I have two long arrays in global GPU memory, A and B
A, represents a permutation.
B some data.
I want to permute B according to A.
What is the best way to paralleliza and accelerate this using a GPU ?
Are there specific Cuda libraries for this ?
CLARIFICATION: The data vector is something like [2.1, -3, 4, 5, 6, 2.7, 1, 2, 5.1, 6.7] and the permutation matrix something like [1, 5, 2, 7, 3, 9, 0, 4, 8] and the output should be [-3, 2.7, 4, 2, 5, 6.7, 2.1, 6, 5.1 ]. All vectors, in the end, should reside in global memory. They are very long. I am FLEXIBLE regarding the representation for the permutation. Currently, A directly gives the final assignment of each entry of A. And I am OK with OFFLINE pre computations before the permutation is applied. In fact, the SAME permutation operation will be applied repeatedly to the same input vector (that in the meanwhile will be changed by some other code) many times.
CLARIFICATION 2: The data vector and the permutation vectors can have 100k entries or even more. Up to millions.
Each element in the data vector can be just one number or, say a block of 10 numbers that need to be moved, in block, to some other location. I do not need to make then permutation in place. I can write the result to some other array. Either way is fine.
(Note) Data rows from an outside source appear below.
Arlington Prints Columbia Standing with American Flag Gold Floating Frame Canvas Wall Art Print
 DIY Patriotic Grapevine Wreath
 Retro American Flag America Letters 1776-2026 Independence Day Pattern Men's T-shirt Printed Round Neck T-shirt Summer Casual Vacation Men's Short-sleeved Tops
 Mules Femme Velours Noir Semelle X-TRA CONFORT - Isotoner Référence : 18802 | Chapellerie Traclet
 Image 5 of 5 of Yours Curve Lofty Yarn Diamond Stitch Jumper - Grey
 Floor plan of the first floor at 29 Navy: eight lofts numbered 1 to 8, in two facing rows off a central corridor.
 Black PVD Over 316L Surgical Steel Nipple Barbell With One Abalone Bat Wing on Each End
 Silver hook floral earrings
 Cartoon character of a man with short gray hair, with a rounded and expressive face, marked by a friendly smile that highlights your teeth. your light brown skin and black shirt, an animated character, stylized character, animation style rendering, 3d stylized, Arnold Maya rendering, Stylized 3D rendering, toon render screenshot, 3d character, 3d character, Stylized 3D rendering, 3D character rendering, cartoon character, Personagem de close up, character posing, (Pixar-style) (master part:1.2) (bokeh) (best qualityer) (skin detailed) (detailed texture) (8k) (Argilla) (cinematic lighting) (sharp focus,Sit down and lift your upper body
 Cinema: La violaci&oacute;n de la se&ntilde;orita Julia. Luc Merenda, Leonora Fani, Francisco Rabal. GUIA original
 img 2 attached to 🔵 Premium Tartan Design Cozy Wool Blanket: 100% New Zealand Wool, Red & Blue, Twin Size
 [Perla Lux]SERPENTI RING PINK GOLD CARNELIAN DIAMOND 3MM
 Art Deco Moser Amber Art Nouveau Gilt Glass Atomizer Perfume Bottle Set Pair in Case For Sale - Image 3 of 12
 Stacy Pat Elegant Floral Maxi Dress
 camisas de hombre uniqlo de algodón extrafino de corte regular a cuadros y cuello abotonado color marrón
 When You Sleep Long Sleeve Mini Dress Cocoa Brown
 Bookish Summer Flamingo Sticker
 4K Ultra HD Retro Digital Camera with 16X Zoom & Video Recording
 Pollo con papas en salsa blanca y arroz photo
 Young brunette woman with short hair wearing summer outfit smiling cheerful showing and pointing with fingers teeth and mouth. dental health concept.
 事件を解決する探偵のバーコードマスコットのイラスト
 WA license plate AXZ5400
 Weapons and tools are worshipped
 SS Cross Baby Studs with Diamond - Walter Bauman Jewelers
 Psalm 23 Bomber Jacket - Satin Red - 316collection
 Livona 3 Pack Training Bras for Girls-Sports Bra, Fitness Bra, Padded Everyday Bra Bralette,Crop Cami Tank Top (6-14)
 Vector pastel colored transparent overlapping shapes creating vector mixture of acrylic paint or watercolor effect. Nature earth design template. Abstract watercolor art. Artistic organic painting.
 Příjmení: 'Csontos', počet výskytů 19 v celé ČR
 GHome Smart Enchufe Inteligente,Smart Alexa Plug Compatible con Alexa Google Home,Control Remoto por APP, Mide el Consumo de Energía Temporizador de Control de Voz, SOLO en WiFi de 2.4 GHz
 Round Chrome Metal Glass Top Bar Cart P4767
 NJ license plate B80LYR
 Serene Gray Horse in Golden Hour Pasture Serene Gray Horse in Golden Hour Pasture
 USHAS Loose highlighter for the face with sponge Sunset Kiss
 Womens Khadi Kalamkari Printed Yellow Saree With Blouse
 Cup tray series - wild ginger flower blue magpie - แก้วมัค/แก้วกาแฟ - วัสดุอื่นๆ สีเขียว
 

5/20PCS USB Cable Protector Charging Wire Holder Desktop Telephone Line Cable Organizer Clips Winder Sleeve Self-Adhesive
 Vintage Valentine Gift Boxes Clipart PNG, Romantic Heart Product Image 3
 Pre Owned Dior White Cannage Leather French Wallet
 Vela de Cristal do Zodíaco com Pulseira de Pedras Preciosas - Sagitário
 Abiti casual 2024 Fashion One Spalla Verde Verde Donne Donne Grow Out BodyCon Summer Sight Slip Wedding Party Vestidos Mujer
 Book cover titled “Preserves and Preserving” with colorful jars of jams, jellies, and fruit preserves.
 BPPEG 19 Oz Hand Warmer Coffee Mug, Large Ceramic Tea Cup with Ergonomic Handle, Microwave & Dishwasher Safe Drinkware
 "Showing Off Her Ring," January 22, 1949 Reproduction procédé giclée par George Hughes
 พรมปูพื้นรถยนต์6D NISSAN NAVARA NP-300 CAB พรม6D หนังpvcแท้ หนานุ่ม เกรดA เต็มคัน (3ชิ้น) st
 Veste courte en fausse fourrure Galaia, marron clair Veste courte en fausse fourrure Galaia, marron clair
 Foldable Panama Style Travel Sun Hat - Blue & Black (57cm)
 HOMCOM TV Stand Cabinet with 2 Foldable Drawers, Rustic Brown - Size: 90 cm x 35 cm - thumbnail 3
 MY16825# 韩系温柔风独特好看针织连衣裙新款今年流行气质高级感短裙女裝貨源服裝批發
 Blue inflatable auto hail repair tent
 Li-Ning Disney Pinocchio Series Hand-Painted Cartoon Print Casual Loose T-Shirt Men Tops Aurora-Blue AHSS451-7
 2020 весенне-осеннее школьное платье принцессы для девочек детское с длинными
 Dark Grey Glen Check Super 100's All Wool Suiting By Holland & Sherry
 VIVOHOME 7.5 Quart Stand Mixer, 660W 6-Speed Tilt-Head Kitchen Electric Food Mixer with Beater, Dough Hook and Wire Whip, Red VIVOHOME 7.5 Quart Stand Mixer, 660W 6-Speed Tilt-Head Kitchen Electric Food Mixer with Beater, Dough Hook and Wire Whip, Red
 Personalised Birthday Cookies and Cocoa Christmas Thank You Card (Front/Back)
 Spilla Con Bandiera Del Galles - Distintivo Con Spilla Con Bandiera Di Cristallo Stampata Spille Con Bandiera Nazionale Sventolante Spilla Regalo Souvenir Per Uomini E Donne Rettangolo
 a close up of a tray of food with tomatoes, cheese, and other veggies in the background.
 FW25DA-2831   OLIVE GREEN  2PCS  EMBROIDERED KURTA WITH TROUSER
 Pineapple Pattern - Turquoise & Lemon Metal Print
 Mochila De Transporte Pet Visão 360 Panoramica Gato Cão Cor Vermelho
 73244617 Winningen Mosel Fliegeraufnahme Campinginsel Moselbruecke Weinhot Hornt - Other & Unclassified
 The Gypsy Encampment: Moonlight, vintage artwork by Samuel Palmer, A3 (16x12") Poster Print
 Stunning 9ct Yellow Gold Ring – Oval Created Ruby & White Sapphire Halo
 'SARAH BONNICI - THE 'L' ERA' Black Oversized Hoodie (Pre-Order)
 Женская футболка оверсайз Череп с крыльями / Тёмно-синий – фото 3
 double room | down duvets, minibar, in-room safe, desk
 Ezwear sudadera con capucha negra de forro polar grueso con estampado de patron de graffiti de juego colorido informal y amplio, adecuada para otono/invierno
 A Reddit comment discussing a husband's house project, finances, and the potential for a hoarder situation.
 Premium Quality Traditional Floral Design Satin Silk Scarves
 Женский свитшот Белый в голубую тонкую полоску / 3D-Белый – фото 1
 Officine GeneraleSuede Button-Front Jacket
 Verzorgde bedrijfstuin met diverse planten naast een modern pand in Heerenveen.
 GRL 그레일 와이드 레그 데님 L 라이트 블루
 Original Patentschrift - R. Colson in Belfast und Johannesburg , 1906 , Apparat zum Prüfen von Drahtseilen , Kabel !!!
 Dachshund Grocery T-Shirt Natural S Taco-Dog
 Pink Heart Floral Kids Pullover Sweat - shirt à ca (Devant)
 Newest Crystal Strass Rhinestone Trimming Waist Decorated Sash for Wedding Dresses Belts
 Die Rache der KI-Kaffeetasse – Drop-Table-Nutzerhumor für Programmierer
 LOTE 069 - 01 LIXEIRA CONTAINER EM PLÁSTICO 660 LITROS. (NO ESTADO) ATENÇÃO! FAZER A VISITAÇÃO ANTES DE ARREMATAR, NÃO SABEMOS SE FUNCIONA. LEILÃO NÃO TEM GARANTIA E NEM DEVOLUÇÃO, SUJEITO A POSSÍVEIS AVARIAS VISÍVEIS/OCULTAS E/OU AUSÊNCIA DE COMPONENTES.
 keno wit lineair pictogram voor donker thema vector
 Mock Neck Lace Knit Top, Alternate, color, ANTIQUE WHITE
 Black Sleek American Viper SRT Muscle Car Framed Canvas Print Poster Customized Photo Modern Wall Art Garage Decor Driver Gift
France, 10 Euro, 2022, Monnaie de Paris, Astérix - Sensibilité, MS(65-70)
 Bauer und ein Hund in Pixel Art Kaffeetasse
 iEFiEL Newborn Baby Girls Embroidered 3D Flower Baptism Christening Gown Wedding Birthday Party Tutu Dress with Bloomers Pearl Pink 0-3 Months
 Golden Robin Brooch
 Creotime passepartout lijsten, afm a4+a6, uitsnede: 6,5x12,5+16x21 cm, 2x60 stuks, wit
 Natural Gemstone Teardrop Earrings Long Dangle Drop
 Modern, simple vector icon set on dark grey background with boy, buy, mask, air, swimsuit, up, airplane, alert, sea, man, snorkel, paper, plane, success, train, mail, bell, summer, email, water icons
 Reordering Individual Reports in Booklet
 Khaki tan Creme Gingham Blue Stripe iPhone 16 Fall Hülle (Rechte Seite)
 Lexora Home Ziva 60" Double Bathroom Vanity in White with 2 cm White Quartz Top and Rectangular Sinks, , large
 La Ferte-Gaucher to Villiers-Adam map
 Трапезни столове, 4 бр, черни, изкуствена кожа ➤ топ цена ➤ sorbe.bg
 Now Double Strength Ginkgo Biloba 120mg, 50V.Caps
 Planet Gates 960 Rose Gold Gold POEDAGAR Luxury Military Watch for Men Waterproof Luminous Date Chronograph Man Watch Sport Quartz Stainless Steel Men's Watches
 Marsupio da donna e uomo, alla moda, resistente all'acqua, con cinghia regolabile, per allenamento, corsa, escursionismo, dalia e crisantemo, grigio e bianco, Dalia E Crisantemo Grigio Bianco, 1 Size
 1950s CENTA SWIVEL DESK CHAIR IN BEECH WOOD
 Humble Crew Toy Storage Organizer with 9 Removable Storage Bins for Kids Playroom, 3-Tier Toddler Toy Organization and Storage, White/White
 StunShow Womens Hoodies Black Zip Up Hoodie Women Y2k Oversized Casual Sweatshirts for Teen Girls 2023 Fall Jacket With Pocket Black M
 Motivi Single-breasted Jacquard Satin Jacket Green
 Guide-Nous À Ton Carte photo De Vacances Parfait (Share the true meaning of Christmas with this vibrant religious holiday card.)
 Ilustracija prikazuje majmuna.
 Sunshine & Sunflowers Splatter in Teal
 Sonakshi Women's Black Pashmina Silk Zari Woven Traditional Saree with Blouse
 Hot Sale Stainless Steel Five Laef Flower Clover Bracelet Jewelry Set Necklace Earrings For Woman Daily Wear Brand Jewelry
I am familiar with the paper http://hgpu.org/?p=10937 , They basically transform a permutation into a composition of permutations that can be performed efficient on the GPU. Their method is rather complex and I’ve not implemented it yet.
But given the amount of GPU libraries out there, maybe there is a simple way to do this ? Maybe express the permutation as a sparse permutation matrix and then use cuSparse or cuBlas ?! Or maybe something else ?